> **What to produce**: Exactly reproduce the lines of the listing below from the one containing "(Black 4, XL)" through the one containing "Cozy Nap Time". Skip the images.

> **Dataset records**:
::::::
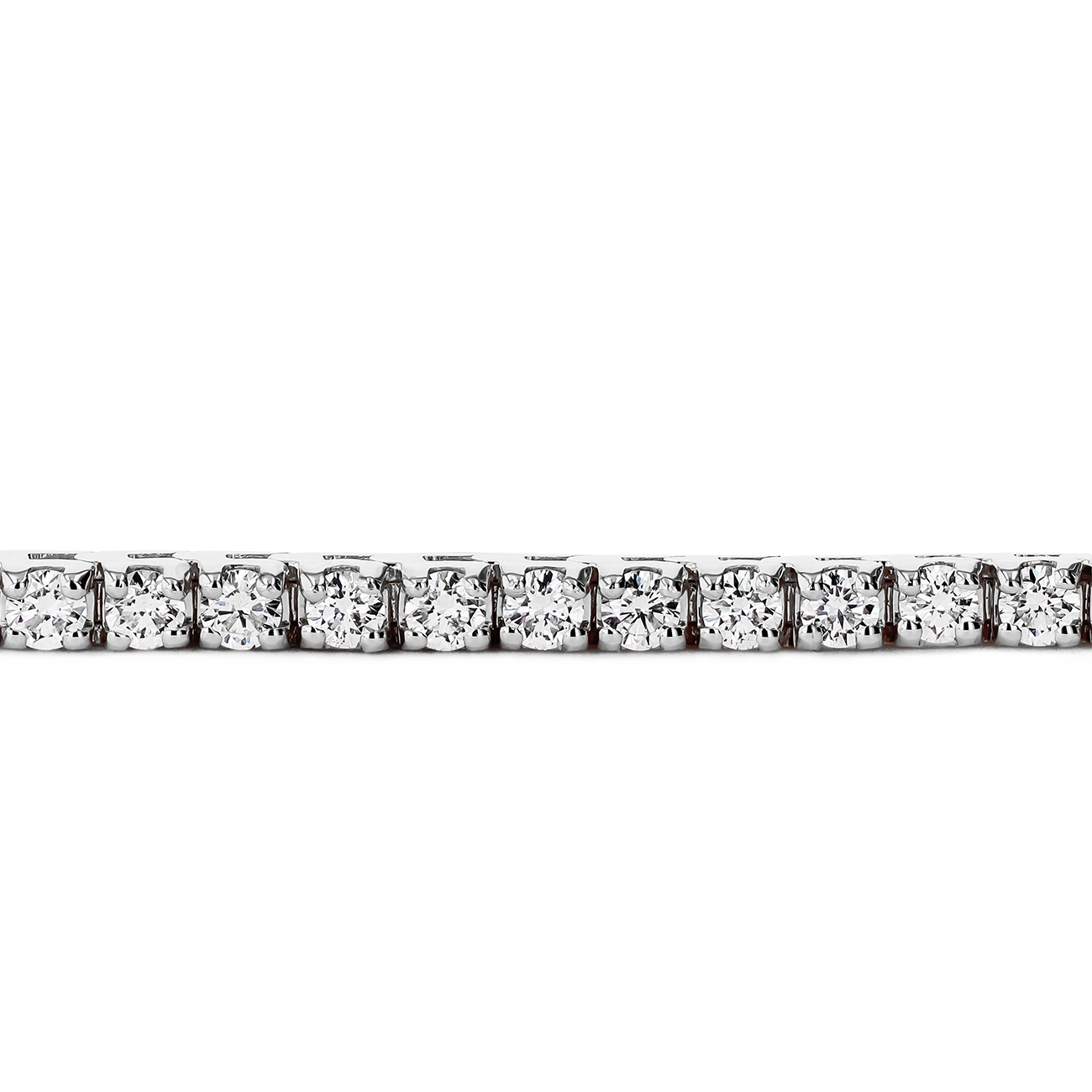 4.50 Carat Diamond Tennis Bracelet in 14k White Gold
::::::
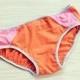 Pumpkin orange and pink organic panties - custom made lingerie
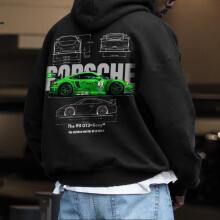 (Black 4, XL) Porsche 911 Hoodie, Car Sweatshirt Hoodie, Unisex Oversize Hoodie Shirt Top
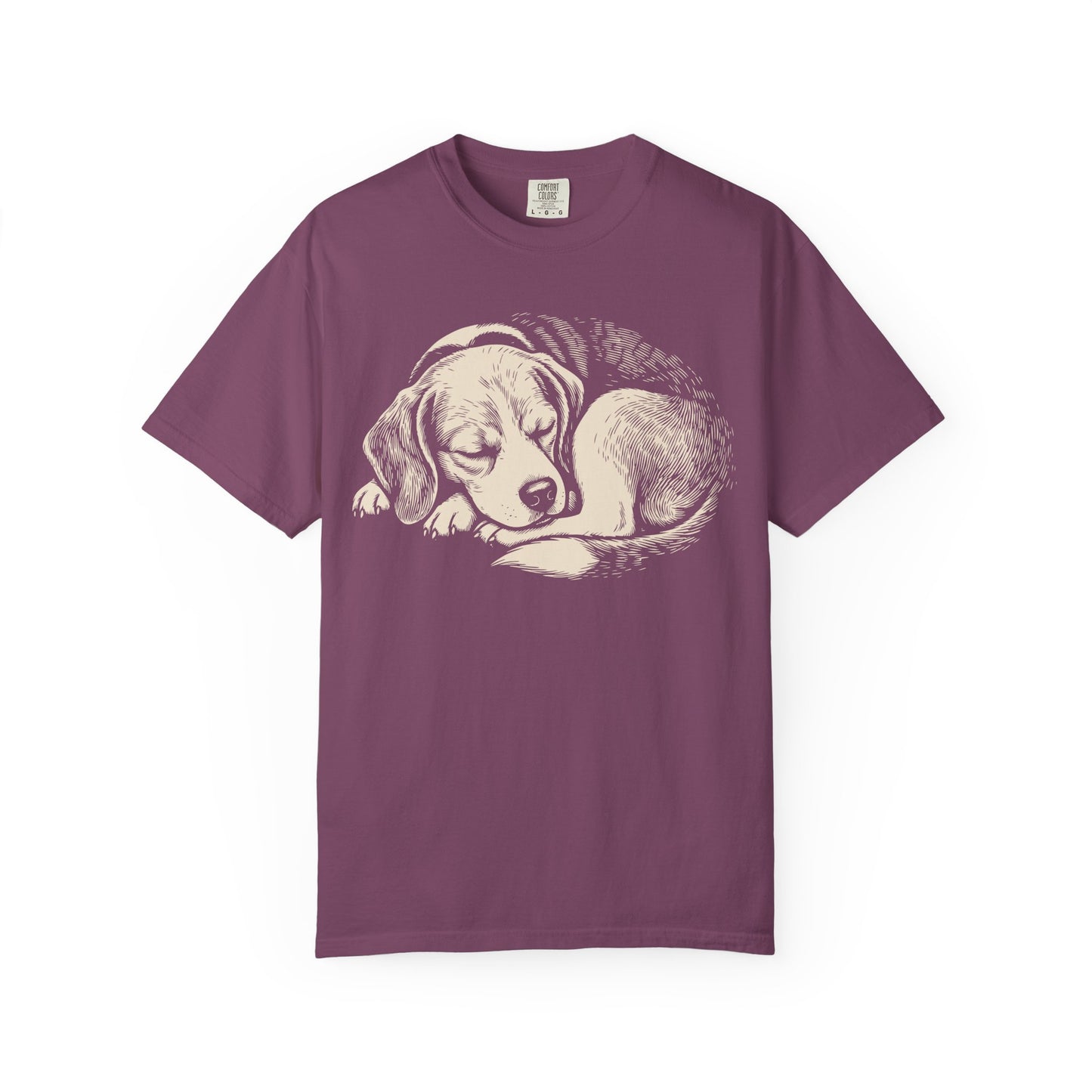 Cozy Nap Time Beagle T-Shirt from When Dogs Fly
::::::
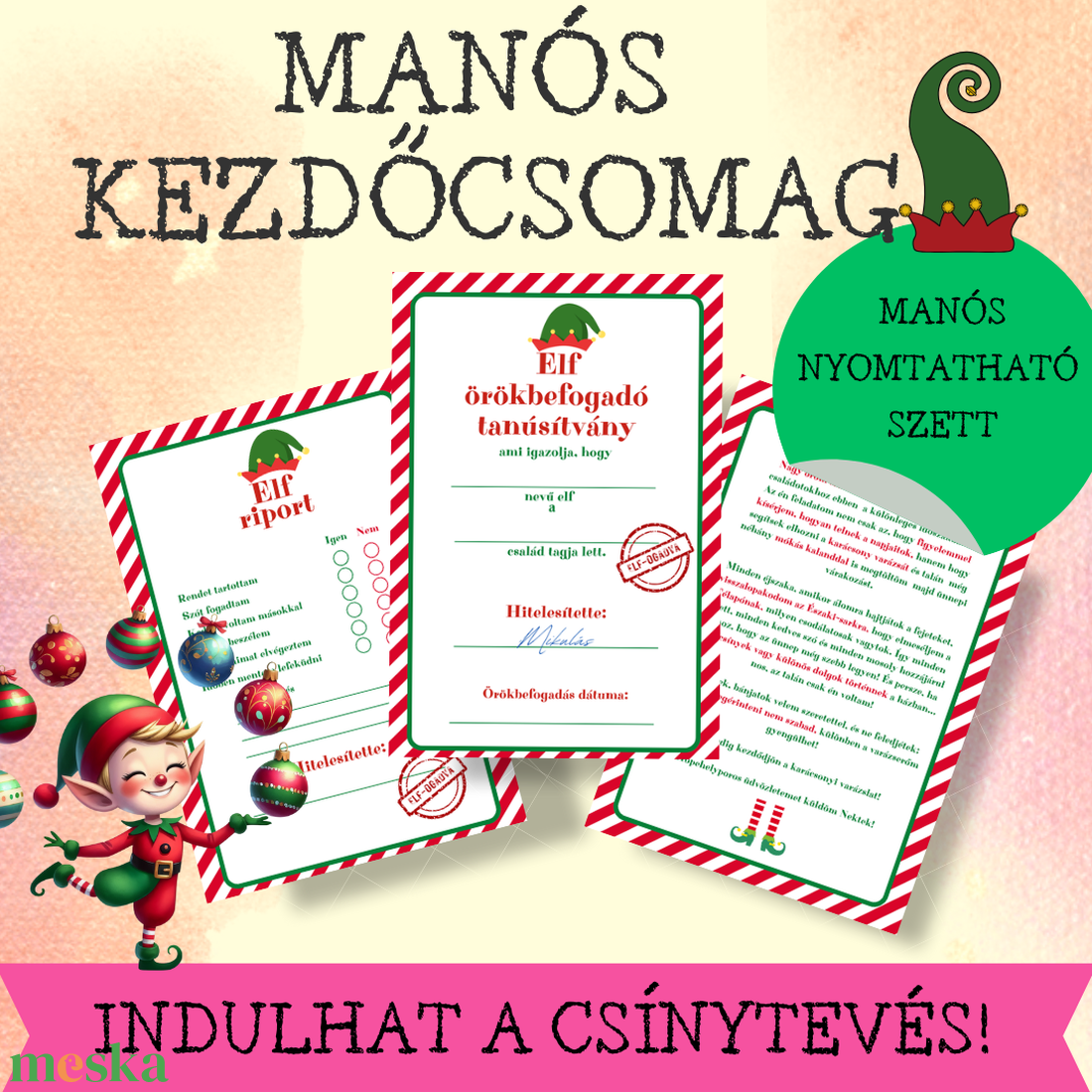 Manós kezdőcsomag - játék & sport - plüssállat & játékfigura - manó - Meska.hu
::::::
> **Written solution**:
 (Black 4, XL) Porsche 911 Hoodie, Car Sweatshirt Hoodie, Unisex Oversize Hoodie Shirt Top
 Cozy Nap Time Beagle T-Shirt from When Dogs Fly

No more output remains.